Reads schema, columns, keys from source systems
Normalizes metadata into elevata’s internal models
Reports created, changed, unchanged and removed source metadata outcomes
No SQL generation occurs here

🔎 2.1.1 Source Metadata Import Review¶

Source Metadata Import Review makes source onboarding inspectable immediately after import.

It reports what elevata discovered and how the SourceColumn metadata changed:

created columns
changed columns
unchanged columns
removed columns
detected primary key columns
skipped datasets
datasets that need manual review

Changed and unchanged are intentionally separated. A changed column means the stored technical source metadata now differs from the previous state. An unchanged column means the source was checked and still matches the previous metadata state.

The review result is transient and read-only as a report. It does not persist import history, introduce a new workflow, execute loads, or generate target architecture. It only makes the existing metadata import outcome transparent before downstream generation and control steps.

🧩 2.2 Generation Layer¶

Creates TargetDatasets in Raw, Stage, Rawcore
Injects surrogate keys where required
Produces column mappings based entirely on lineage

Incremental scoping and ingestion behavior are derived from SourceDataset metadata and consistently applied across ingestion, merge, and delete detection.

Raw datasets may be ingested via native ingestion or skipped entirely in federated setups.

🧩 2.3 Lineage Layer¶

Establishes dataset-level and column-level lineage
Feeds the Logical Plan Builder
Ensures traceability from source to Rawcore

🧩 2.4 Logical Plan Layer¶

Builds structured plans (not SQL!)
Vendor-neutral representation of SELECT, JOIN, UNION logic
Used by Raw → Stage → Rawcore previews and loads

🧩 2.5 SQL Rendering Layer¶

Applies formatting rules (indentation, aliasing, column order)
Hands off dialect-specific tasks to the dialect adapter
Deterministic output for UI and CI

🧩 2.6 Dialect Adapter Layer¶

Implements quoting, merge syntax, hashing, concatenation
Ensures SQL runs identically across platforms (BigQuery, Databricks, DuckDB, Fabric Warehouse, MSSQL, Postgres, Snowflake)

🧩 2.7 Load SQL Layer¶

Full load: INSERT INTO ... SELECT
Incremental merge: upsert logic based on natural key lineage
Delete detection: anti-join removal of missing rows

🧩 2.7.1 Schema Evolution (MigrationPlan + Applier)¶

Before executing load SQL, elevata derives a MigrationPlan from the Architecture Diff and translates it into deterministic schema evolution steps:

Dataset renames are expressed as RENAME TABLE
Column renames are expressed as RENAME COLUMN
Missing columns may be added (ADD COLUMN) when supported
Column drops are policy-gated and disabled by default
- Base tables: ELEVATA_ALLOW_AUTO_DROP_COLUMNS=true enables physical DROP COLUMN
- _hist tables: physical drops require ELEVATA_ALLOW_AUTO_DROP_HIST_COLUMNS=true
- Without the hist flag, removed business columns in _hist are retired (inactive + detached lineage)

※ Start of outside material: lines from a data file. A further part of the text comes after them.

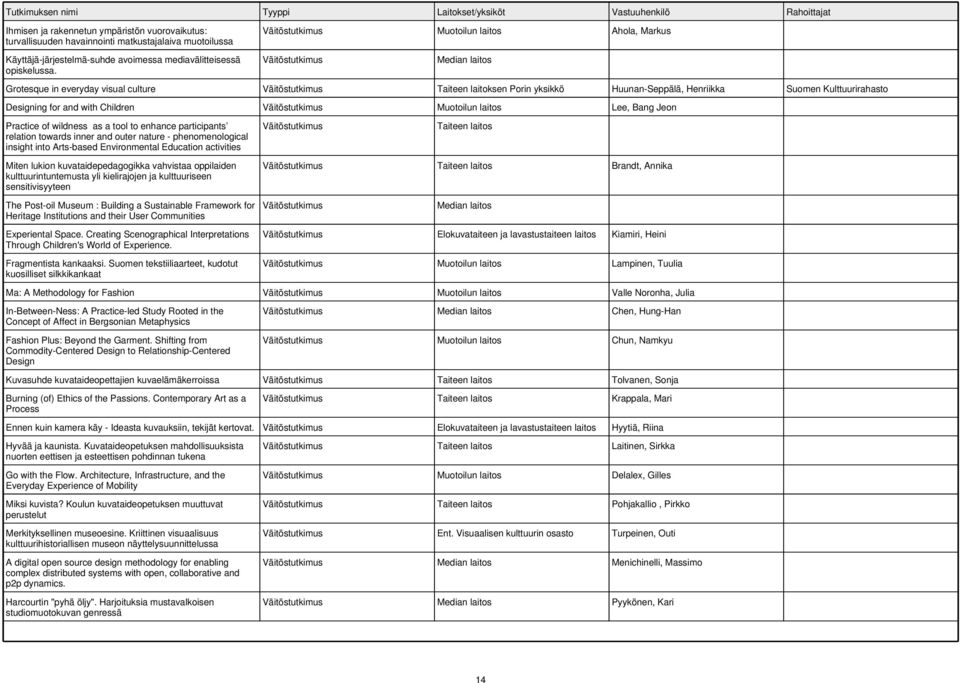 enhance participants relation towards inner and outer nature - phenomenological insight into Arts-based Environmental Education activities Taiteen laitos Miten lukion kuvataidepedagogikka vahvistaa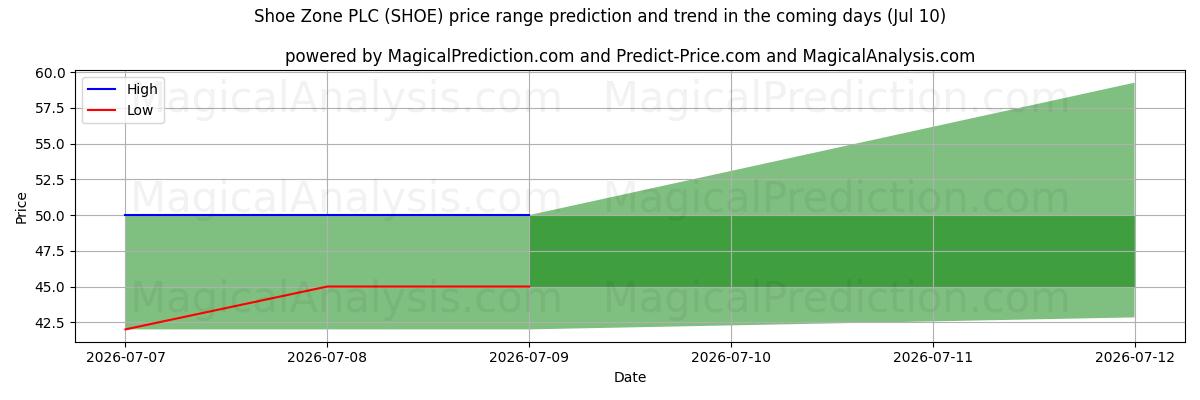 High and low price prediction by AI for Shoe Zone PLC (SHOE) (10 Jul)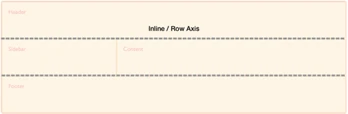 Row Axis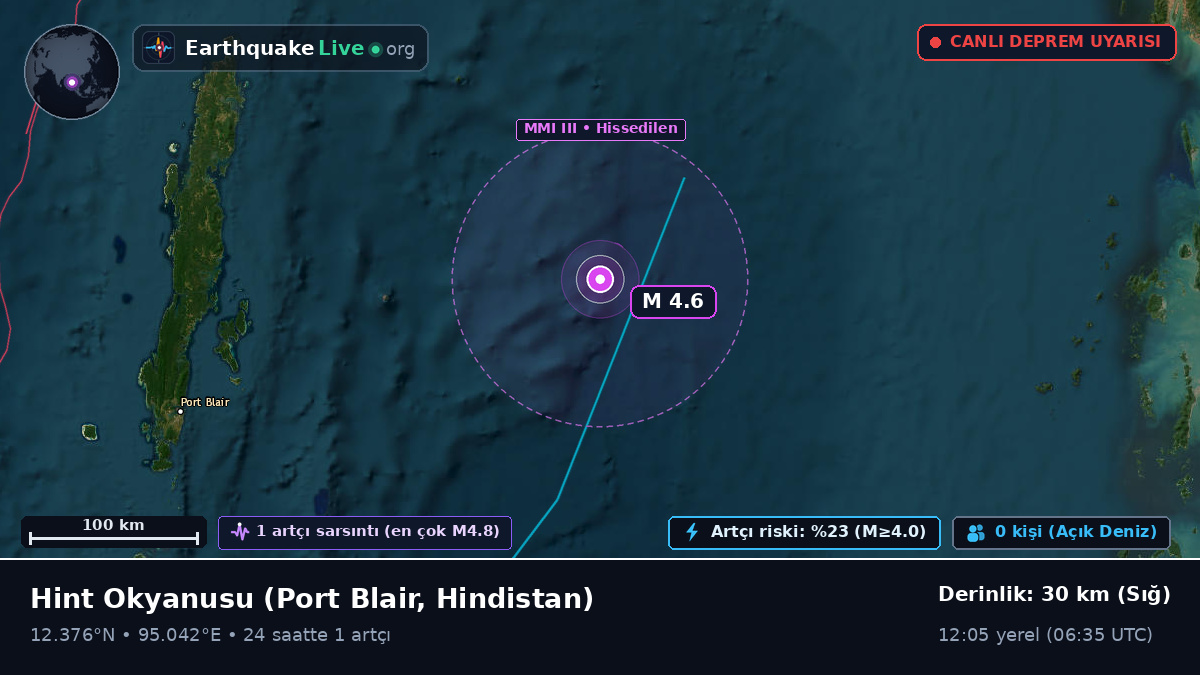Hint Okyanusu (Hindistan)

Important design principle:
Schema evolution does not provision missing tables. Table provisioning is handled centrally by the load runner (ensure_target_table(...)) and executed via the target execution engine.

Preflight validation includes schema introspection and dialect-aware semantic equivalence rules to suppress non-actionable type differences.

🧩 2.7.2 Architecture Catalog¶

Architecture Catalog provides the read-only discovery layer for metadata-defined executable architecture.

It helps users inspect:

dataset inventory
schema / layer placement
materialization semantics
incremental strategy
ownership
metadata health
query logic
upstream and downstream relationships
column contract signals
serving-layer Data Product readiness
layer maps and dependency matrices
latest execution evidence references
architecture quality and governance insights
Architecture Control review status summaries

The Catalog links to dedicated pages for:

dataset details
lineage
query contracts
Catalog Data Products
Architecture Control
execution history

Architecture Catalog does not edit metadata and does not execute loads.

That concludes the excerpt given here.